> [SUPPLIED MATERIAL]
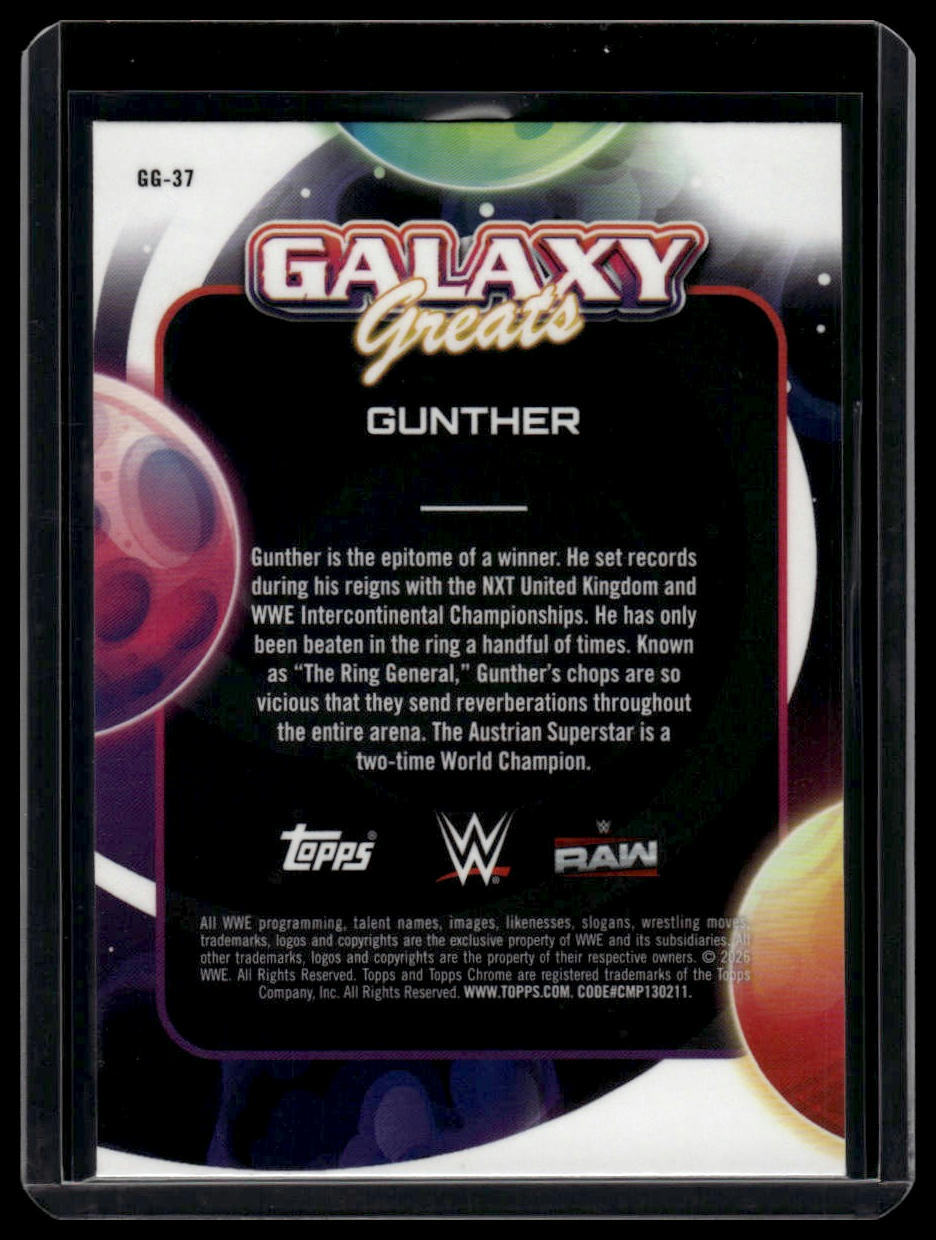 2026 Topps Chrome Cosmic WWE #GG-37 Gunther Galaxy Greats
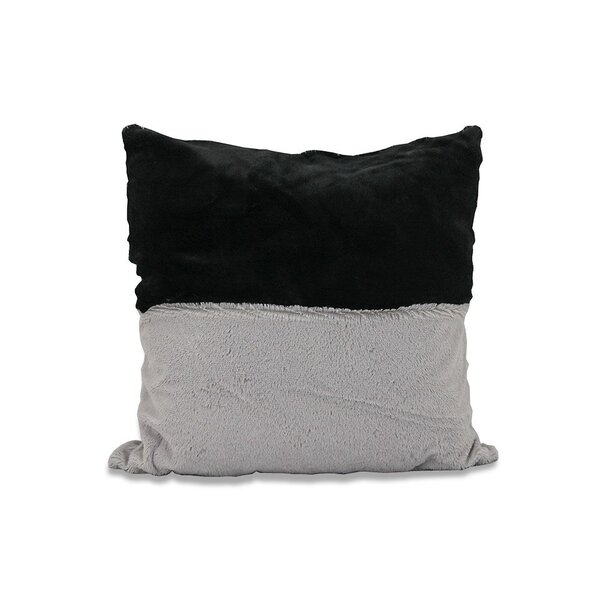 Capa De Almofada Decorativa Peluciada Preta E Cinza Pelo Curt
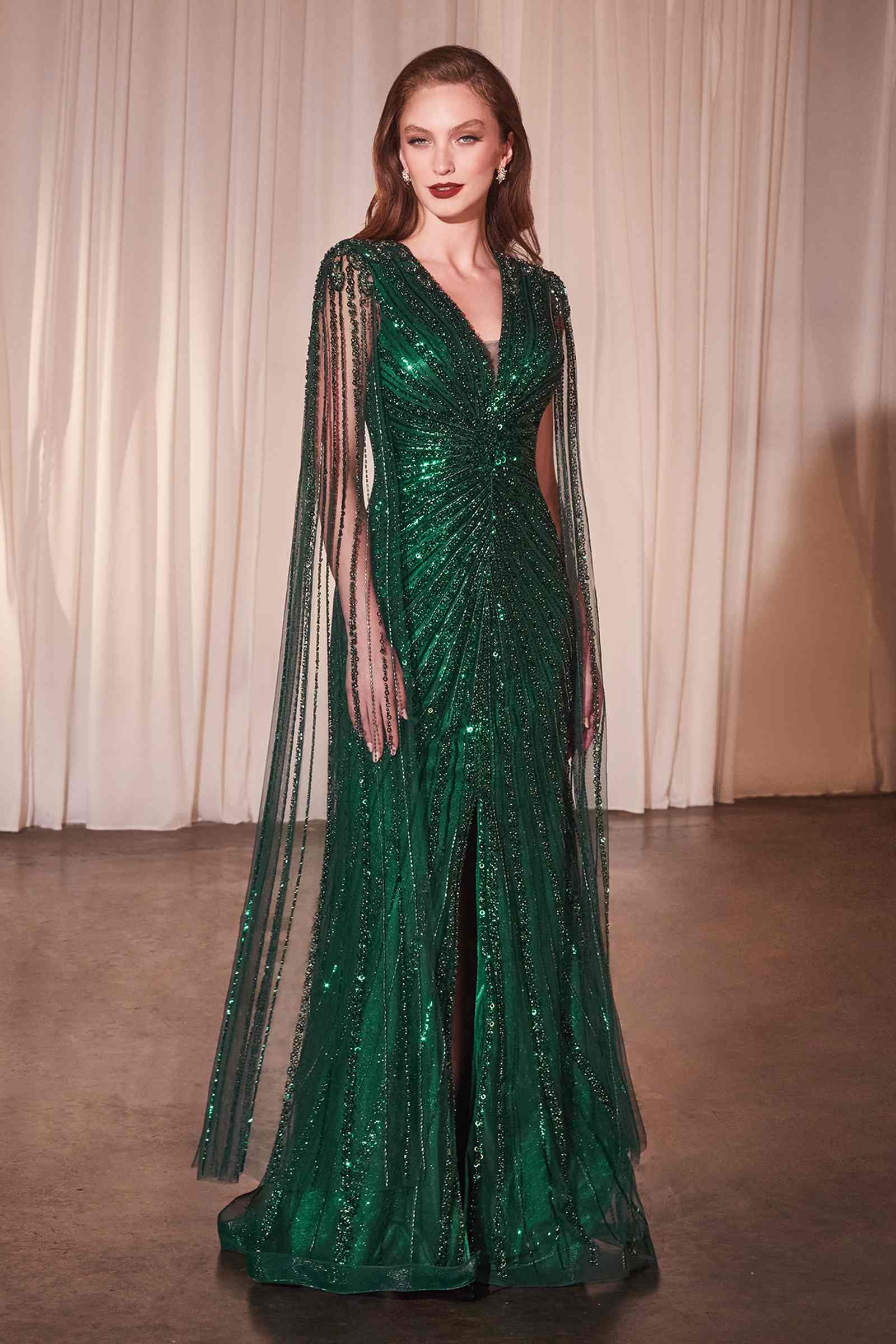 Ladivine CD0239 Long Sleeve Fully Beaded Sheath Gown - Glamourous Grace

> [YOUR INSTRUCTIONS] Restate all of the material word for word. Keep out every picture.

> [ANSWER AREA]
 2026 Topps Chrome Cosmic WWE #GG-37 Gunther Galaxy Greats
 Capa De Almofada Decorativa Peluciada Preta E Cinza Pelo Curt
 Ladivine CD0239 Long Sleeve Fully Beaded Sheath Gown - Glamourous Grace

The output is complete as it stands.